Cognition is putting a financial promise behind its enterprise AI coding agent Devin, saying customers can receive credits of up to $10 million if the system does not produce enough engineering value to justify what they pay.

The company said the new program, called the AI Productivity Guarantee, is meant to address a gap in the enterprise AI market. While vendors often report activity metrics such as tokens used or code generated, Cognition argues those numbers do not show whether a business is actually getting meaningful work done.

To support the guarantee, Cognition said it built an estimator that reviews completed Devin sessions and attempts to measure productive engineering output. The system looks at whether a session created useful results and, if so, estimates how long a human engineer would have needed to complete the same task.
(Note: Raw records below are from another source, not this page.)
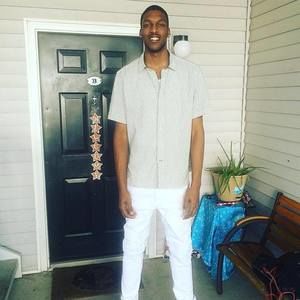 Meet your Posher, Lamar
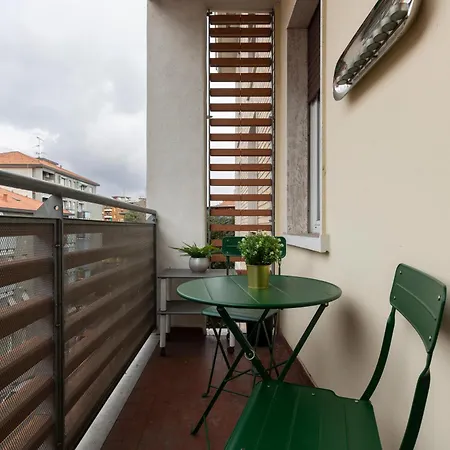 Apartament Massarent House - Gambara M1 *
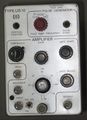 Nukem US10 − Ultrasonic pulse generator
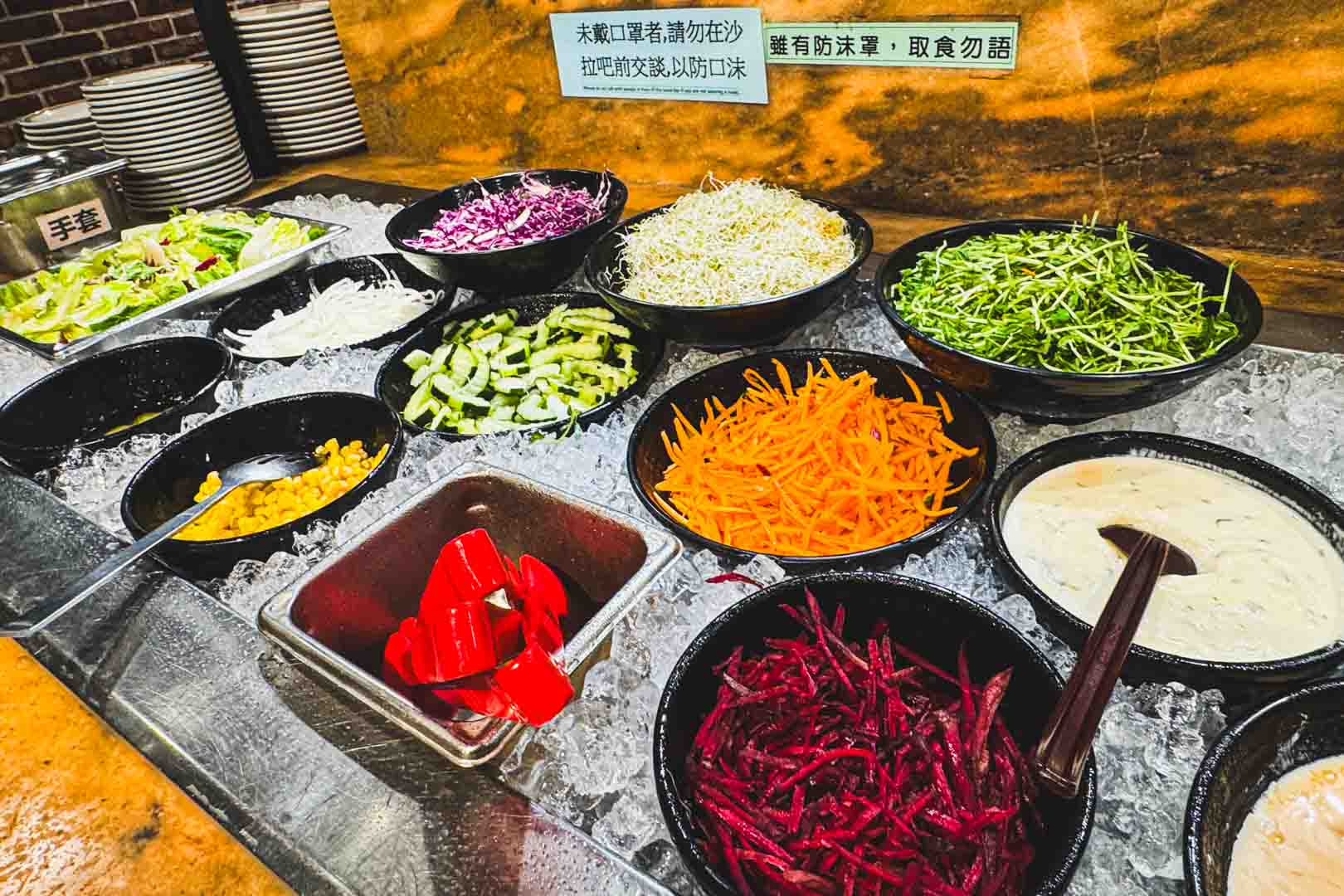 龐德羅莎, 龐德羅莎菜單, 龐德羅莎推薦, 龐德羅莎評價, 台大美食, 公館美食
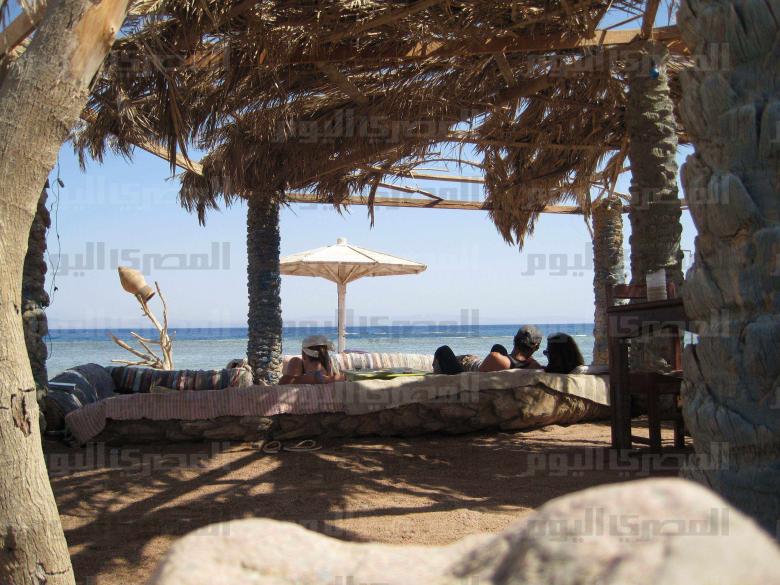 Sharm al-Sheikh tourists’ Trips Cancelled After Protests Block Road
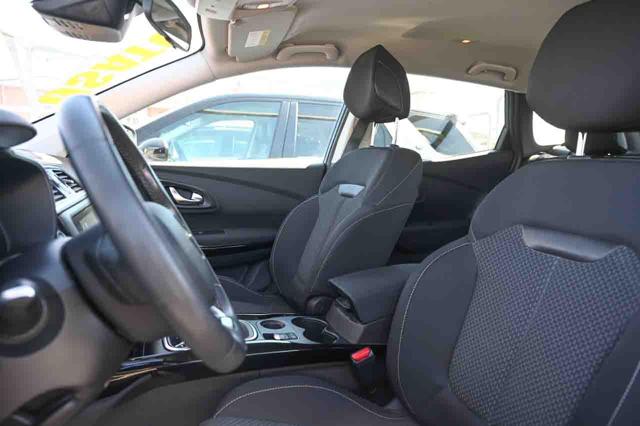 RENAULT Kadjar usata, con Climatizzatore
The company says it validated that approach against time estimates provided by users at enterprise customers.

How Cognition says it measures value

Cognition said its estimator has access to several inputs, including the user’s prompt, the actions Devin took during a session, any pull request that was created, and additional codebase context drawn from DeepWiki. If a session leads to an unmerged pull request or is otherwise classified as unproductive, it is counted as not useful.

The company said it measures output in hours of productive engineering work rather than lines of code, arguing that the latter can be misleading. A small fix can take many hours of debugging, while a larger block of code may not represent much actual effort.

Cognition described the estimator as a baseline for productivity, not a full measure of return on investment. The company said ROI requires more context about the business impact of each task, and that its customer teams work directly with enterprises to understand that broader value.

What the guarantee covers

According to Cognition, the guarantee applies to enterprise deployments of Devin. Near the end of an annual contract, engineering hours are converted into dollar value using a standard global rate and compared with the customer’s actual consumption. If the estimated value falls short of what the customer paid, Cognition said it will issue credits, with the maximum exposure capped at $10 million.

The company said it believes the arrangement is feasible because Devin is model-independent, allowing Cognition to use different models for different tasks in order to improve price performance. It also said Devin includes granular controls intended to manage spending and steer users toward more productive prompts.

Cognition added that its teams often work inside customer accounts, helping identify high-value projects, pair programming on backlogs, running workshops on how to manage fleets of agents, and tracking outcomes.

The company framed the guarantee as part of a broader effort to make AI vendors more accountable for business results. It said vendors should be able to tell customers what they are getting for their money and suggested that the rest of the industry move toward similar commitments.